▶ _Task_
Return exactly the lines of the entries that start at the line containing "Niño tomando cerveza en estadio" and continue to the last line. Omit the pictures.

▶ _Given information_
▬▬▬▬▬▬

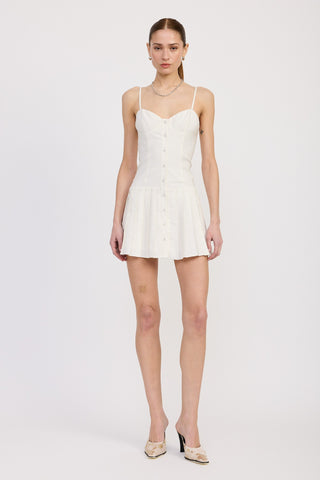 Full-length front view of a woman wearing a white strappy mini dress with button-down front and pleated skirt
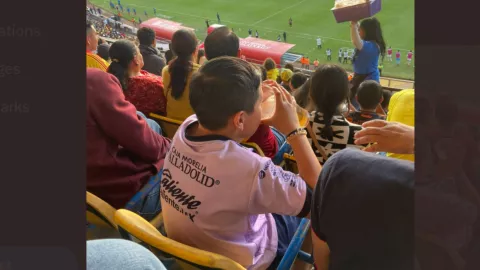 Niño tomando cerveza en estadio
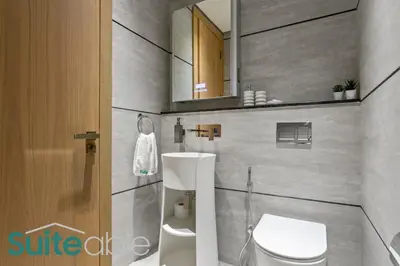 a bathroom with a toilet and a sink and a mirror at Aesthetic Studio with Stunning Pool View in JVC in Dubai
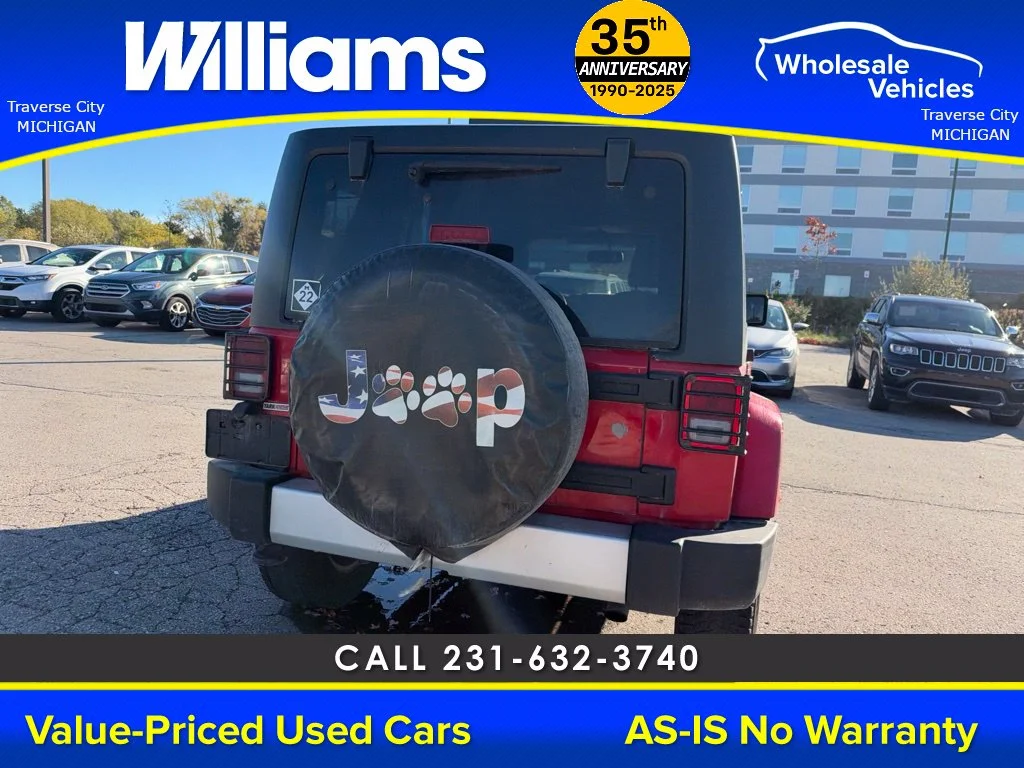Used 2013 Flame Red Jeep Unlimited Sahara image 6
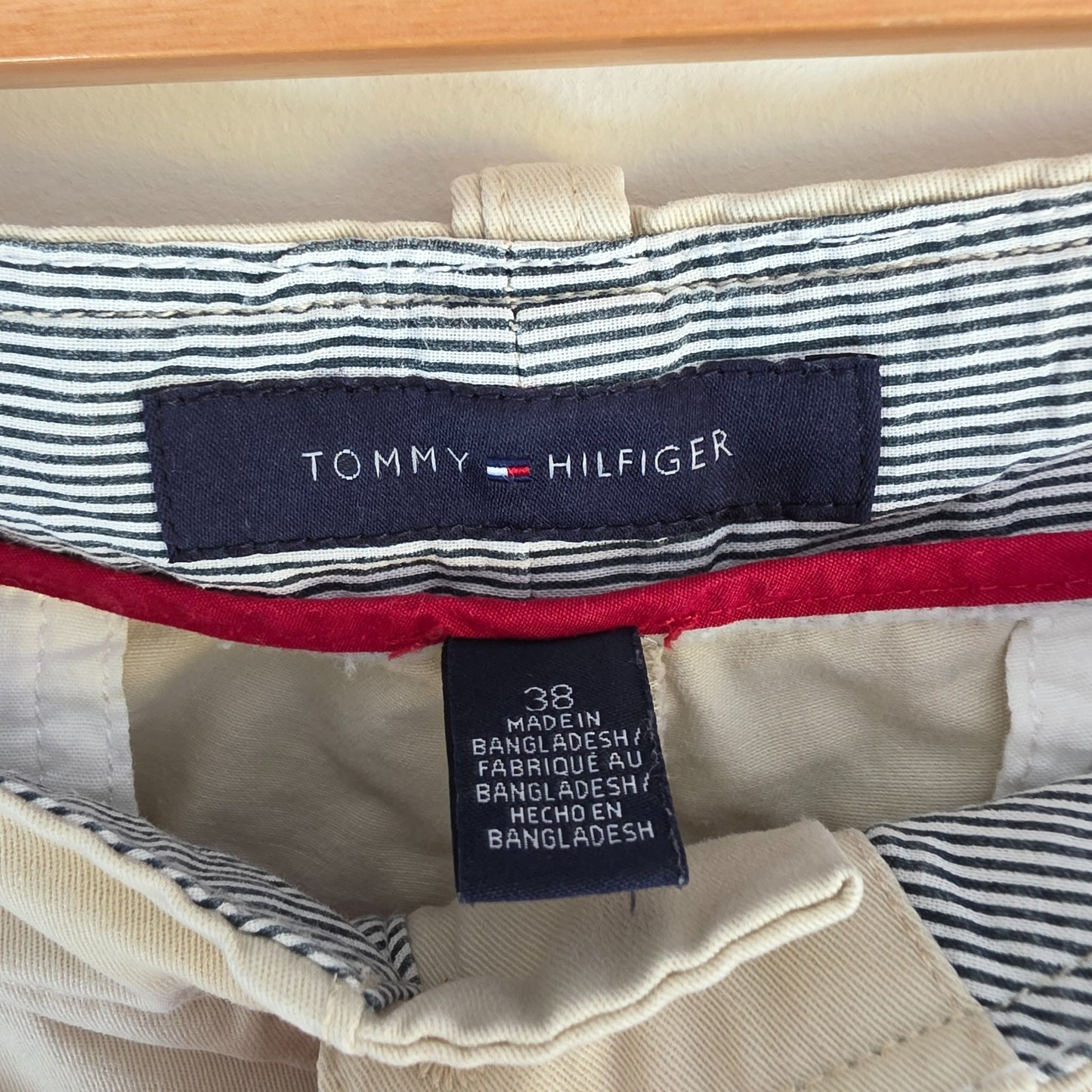 Tommy Hilfiger beige cargo shorts with utility pockets and cotton material.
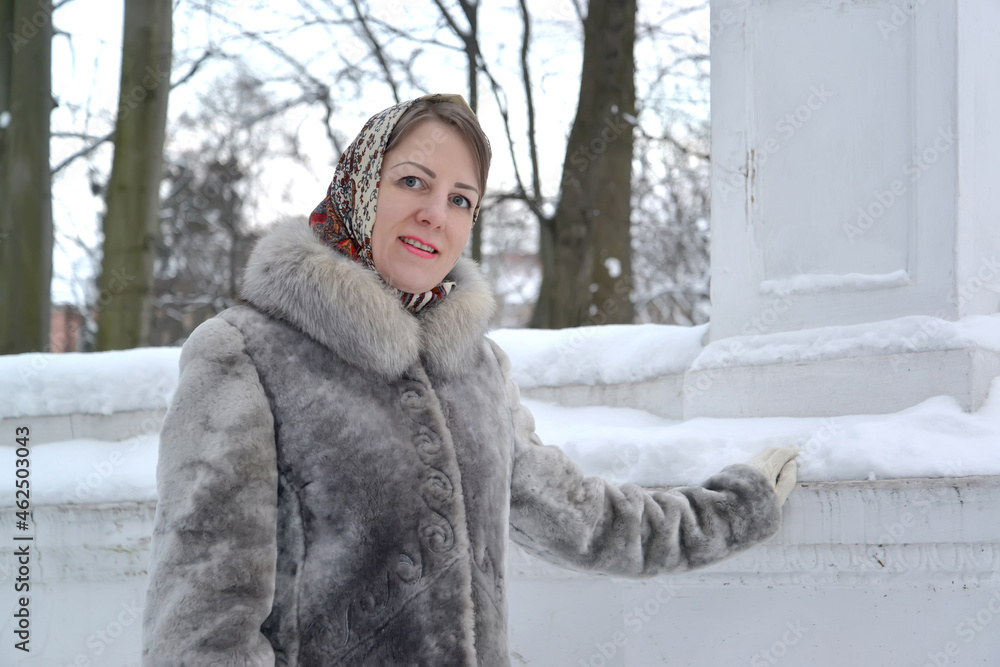 Portrait of a young woman in a fur coat and a head scarf in the winter Portrait of a young woman in a fur coat and a head scarf in the winter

▬▬▬▬▬▬

▶ _Task response_
 Niño tomando cerveza en estadio
 a bathroom with a toilet and a sink and a mirror at Aesthetic Studio with Stunning Pool View in JVC in Dubai
Used 2013 Flame Red Jeep Unlimited Sahara image 6
 Tommy Hilfiger beige cargo shorts with utility pockets and cotton material.
 Portrait of a young woman in a fur coat and a head scarf in the winter Portrait of a young woman in a fur coat and a head scarf in the winter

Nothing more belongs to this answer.